Students across the U.S. walk out of high schools and universities in electoral aftermath
Students at universities and institutes of learning across the country held coordinated rallies Wednesday, calling for their administrations to make their campus sanctuaries for undocumented immigrants. The calls come in response to campaign pledges from President-elect Donald Trump to reverse the Deferred Action for Childhood Arrivals policy, also known as DACA. The program granted temporary legal status to about 500,000 young people brought to the U.S. as children and is but one target of Trump’s 10-point immigration plan.
Student walkouts occurred a multiple campuses, beginning early in the day in the Miami area and followed by Columbia University, Rutgers, University of Indiana – Bloomington, Portland State and more. Exit polls from the presidential election show that millennials across the country overwhelmingly voted against Donald Trump.
High school students too young to vote in this year’s poll are also making political statements with walkouts. FSRN’s Karin Argoud reports from Napa, California that students there – among the first to walkout – plan to seize the moment to organize in the long term.
Hundreds of students from four high schools in California’s Napa Valley were among the first in the nation to stage school walkouts in the aftermath of last week’s elections. They converged on a local football stadium to speak their minds and stand against what they called the hate and division of President-elect Trump’s campaign.
“Our main focus was to have a peaceful protest where we’re respecting everyone’s opinions, while voicing our own and get our point across to the older generations that our opinion matters, and that we are capable of great things, and capable of doing powerful things and change,” says Alyssa Yeager, one of the organizers of the biggest student demonstration the City of Napa has seen in quite a while. “We really hope that people take away the fact that maybe younger generations are not as dumb as they think we are, and we’re not as oblivious and ignorant to politics and politicians as they think we are. We want to make sure they know we are here, we are valid and we just want them to realize that have a voice too want a say in what our future is going to hold.”
High school students in other cities have followed suit, including in Los Angeles, Portland and Denver.
Napa High principal Annie Petrie said faculty got wind of the student-led action the day before, and it snowballed to include students from rival area schools: “The kids who started this really had a vision to unite all the youth in Napa – that was their vision from the get go, and as we understood more about that, then we did everything we could to support it. Their goals were always to peacefully protest and really their ultimate goal was to come together as a community, for one time – we’re not competing against each other – let’s just come together around a cause. I’m just always proud of our kids and how they try to manage themselves. They clearly had a vision for what this was going to look like and the kids leading it are really trying to make sure that that comes to fruition.”

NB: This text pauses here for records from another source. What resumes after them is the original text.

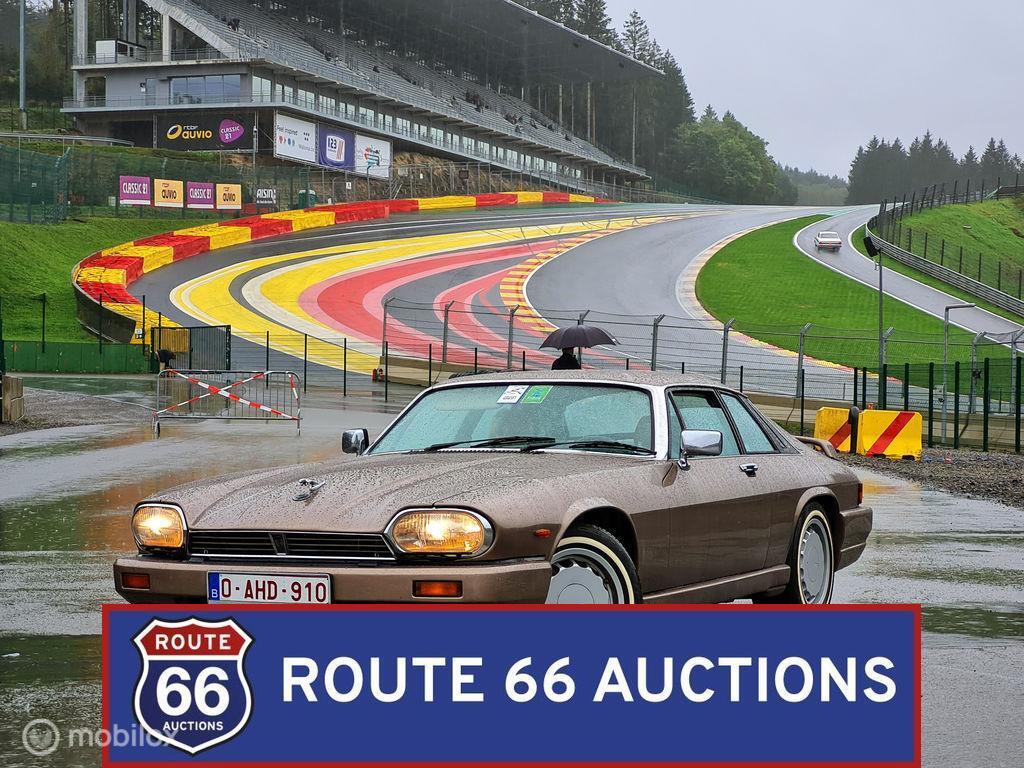 Jaguar XJS TWR | 1985 | Route 66 Auctions, Auto's, Zwart, Bedrijf, Handgeschakeld, Overige carrosserie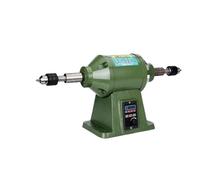 Desktop Polishing Machine, Speed Control Polishing Machine, Small Grinding Machine Artifact Wire Drawing Machine Art Craft(16RE)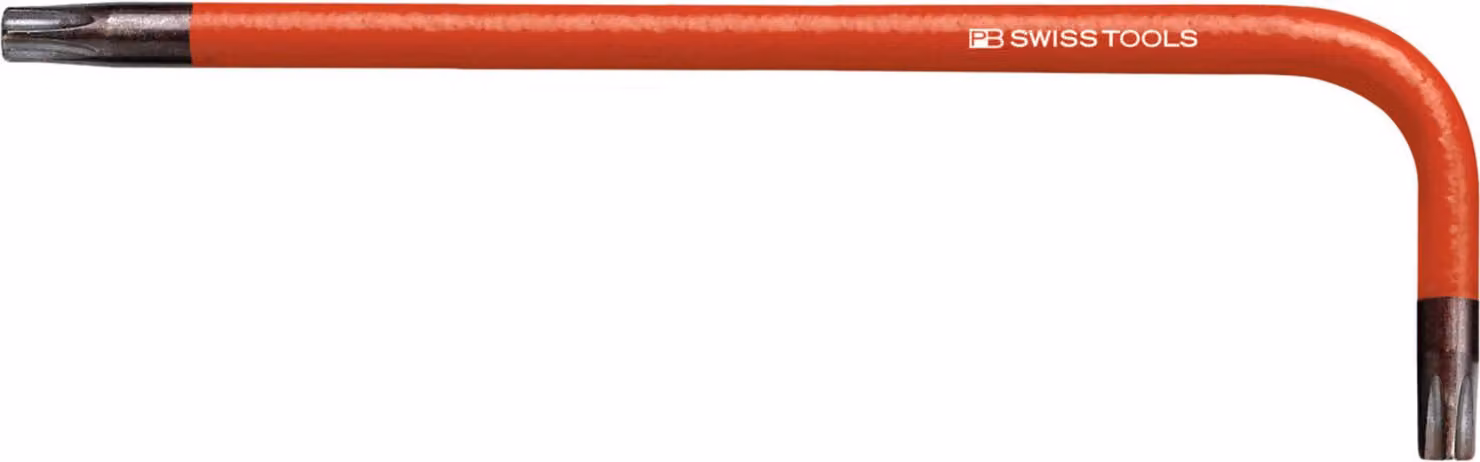 PB Swiss Tools Cacciavite angolare, per TX, verniciato a polvere, TX15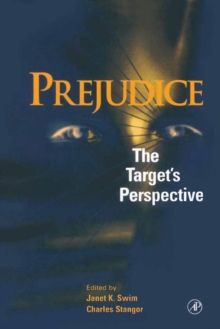 Image for Prejudice: the target's perspective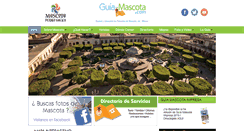 Desktop Screenshot of guia-mascota.com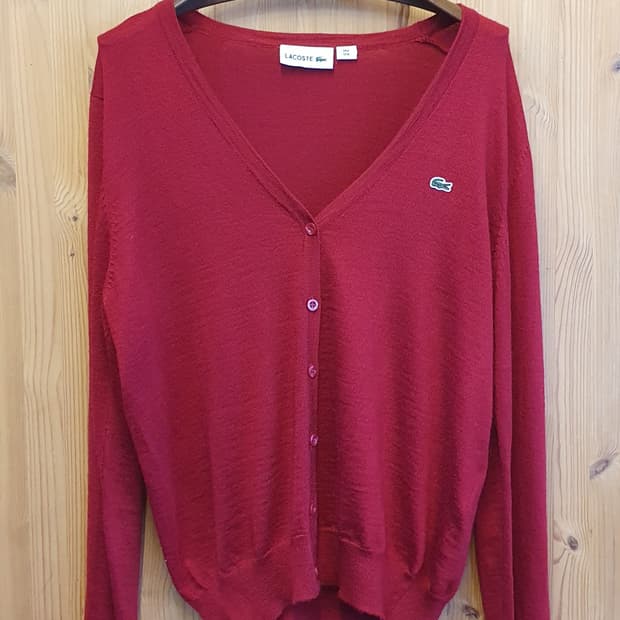 66.라코스테 가디건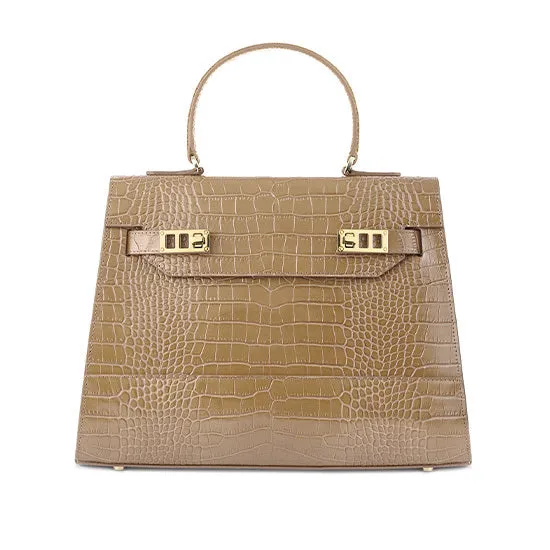 Kim Croco 14" - Light Beige sold by Teddy Blake product image thumbnail 2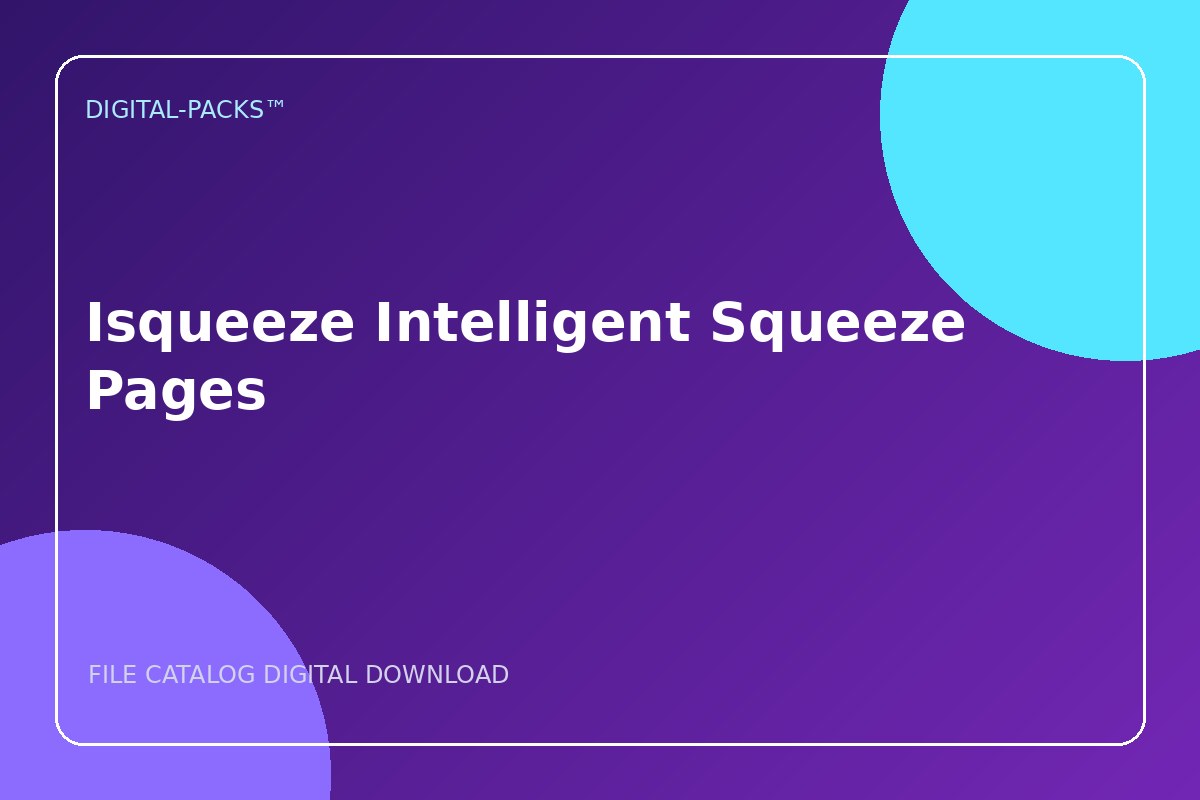 Isqueeze Intelligent Squeeze Pages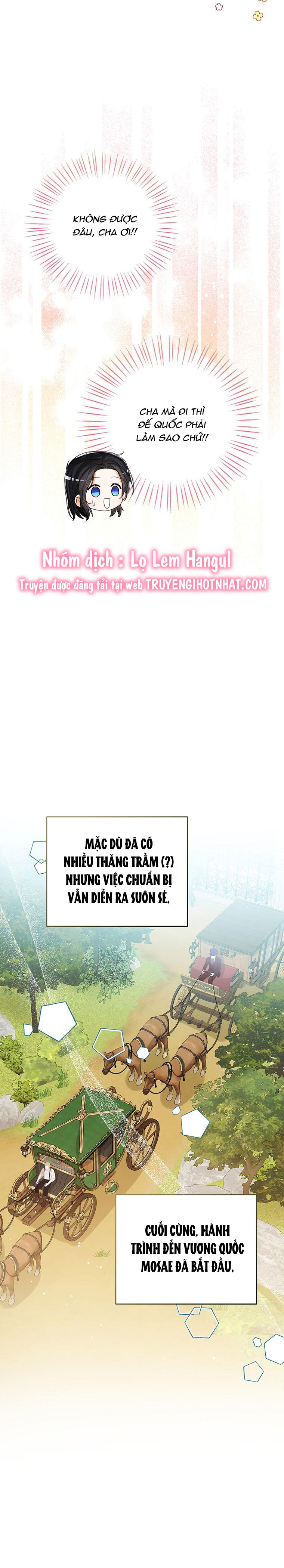 Tôi Không Muốn Trở Thành Nữ Phản Diện chapter 70.1 - Trang 14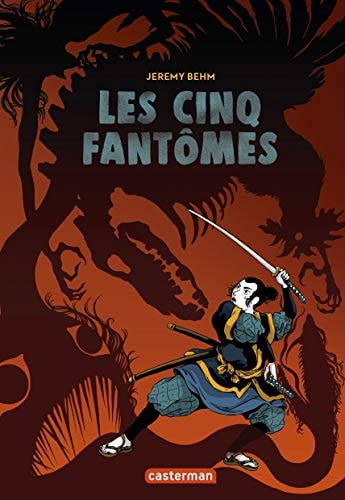 LES CINQ FANTOMES, de JEREMY BEHM | portada del libro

Rally co-organizer Joshymar Graham, a Senior at Napa High School. The 17-year-old says the walkout was a way for students to make a big statement.
“This whole day is about respect, respect that we need to earn and respect that he needs to earn from us as well,” Graham said. “So I wish that throughout today we preach more love than we do hate, we preach respect than we do separation. And I really just hope that as a nation we can unify under something we all have experienced before and hope to experience again, which is love – so today, that’s what this is all about.”
Graham, who is African American, says he has a lot on his mind after this election and that he’s not the only one: “It’s actually really surprising how many people actually are so politically active at such a young age. I think it’s an amazing sign for America – I think voting turnouts in the next 20 years are going to skyrocket.”
With social media platforms central to communication among high schoolers, Graham says students are working with their government class to form a group called “Youth Against Hate,” which is using Twitter to build a following.
“I’m reaching out to some of my friends in different areas, because I’m originally from New York. So I was talking to my friends and trying to get to see if we can get this whole national thing, where we can all fall under one banner, and it would be really cool because it’s basically a teen government,” Graham explains. “You have people that represent one of the major portions of this country, which is teenagers, so I really feel like that will be an important step.”
Through online organizing, the students say they can engage in an adult setting, despite not yet being able to vote. And they see the spontaneous walkout as just a start of longer term organized civic engagement.